Tuesday October 6, 2020 Noon

Dr. Christopher Elias

Associate Professor, Eastern Michigan University

"Bayesian Estimation of a Medium-Scale New Keynesian Model with Heterogeneous Expectations"

Abstract:

This paper constructs a medium-scale New Keynesian model with heterogeneous expectations by employing the Euler equation adaptive
learning technique. Two agent-types are similar in all ways except in how they form expectations. Agent-type A uses a correctly specified model while agent-type B uses a misspecified model that omits an important subset of variables. The model is estimated using post-World War II U.S. data and results show that there is significant expectational heterogeneity in the data and that the heterogeneous expectations model fits the data better than a homogeneous expectations benchmark model.

Registration is in the following link: Zoom

Tuesday November 3, 2020 Noon

Ms. Judy Keenan*

Director, EEOC

*Alumni Corner event co-sponsored with Women in Economics Club

Registration is in the following link: Zoom

Tuesday December 1, 2020 Noon

Dr. Daniel Giedeman (Professor, Grand Valley State), Dr. Kuhelika De (Assistant Professor, Grand Valley State) and Dr. Ryan Compton (Professor, University of Manitoba) 

"Macroeconomic Shocks and Racial Labor Market Differences"

Abstract:

We investigate the effects of three structural macroeconomic shocks (monetary, demand, and supply) on the labor market outcomes of black and white Americans using a factor augmented vector autoregression (FAVAR) framework with 136 United States macroeconomic indicators from 1973 to 2017. Our results indicate that adverse macroeconomic shocks have differential effects on labor market outcomes for blacks and whites, hurting blacks disproportionately relative to whites.
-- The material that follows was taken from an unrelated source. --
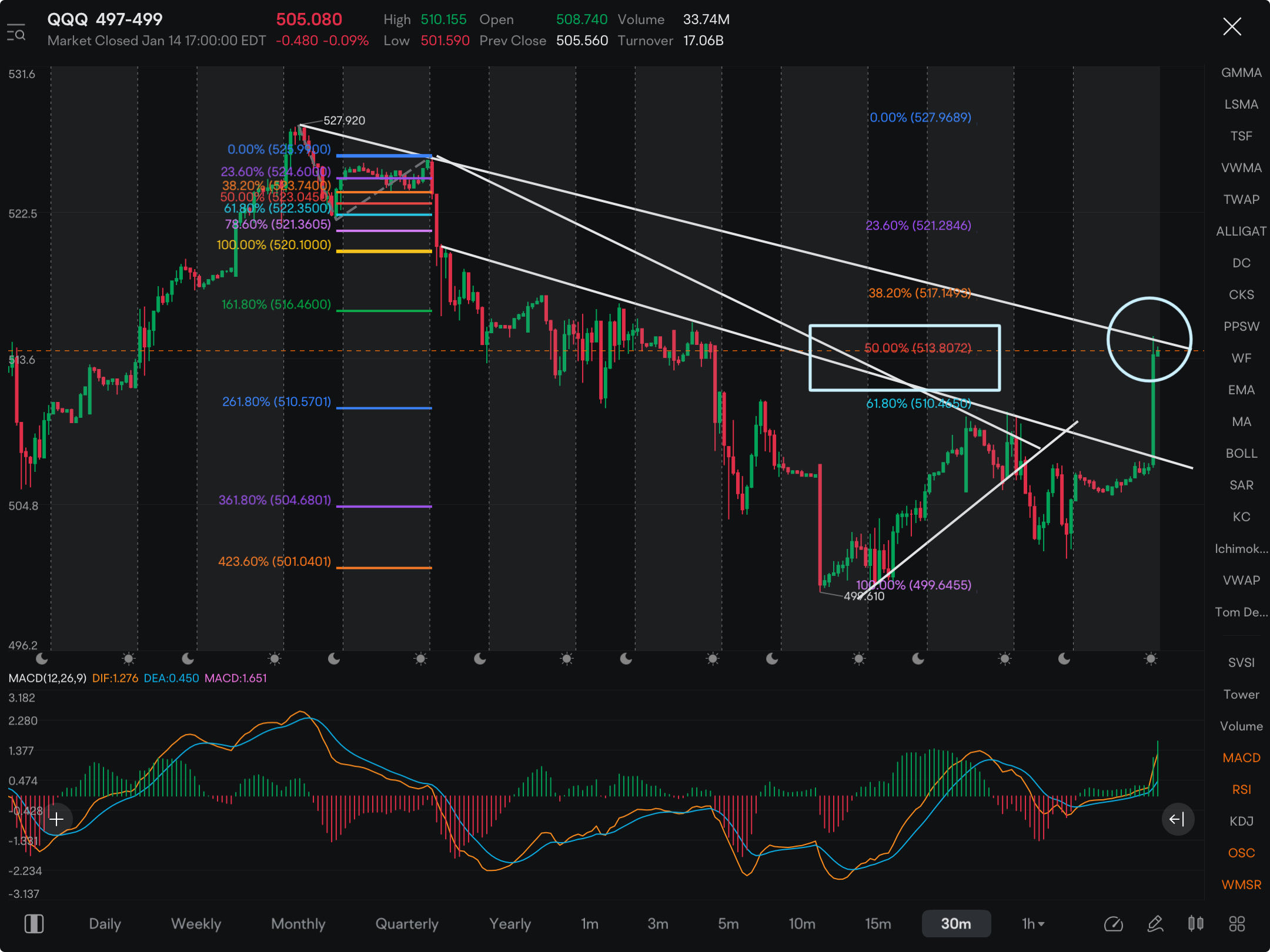 I wouldn’t get too bullish…….yet. QQQ is sitting exactly at the 50% retracement line (recent high to recent low) and is testing the last line of resistance. Watch and wait to see.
Black Americans’ labor market outcomes appear to be significantly more sensitive to macroeconomic shocks than are the outcomes for white Americans. Our findings indicate that business-cycle costs are disproportionately borne by black Americans and that racial inequality in the labor market rises in recessions. The strongest effects occur in recessions caused by supply side disturbances. Our results suggest policymakers should take account of these heterogeneous effects when designing policy.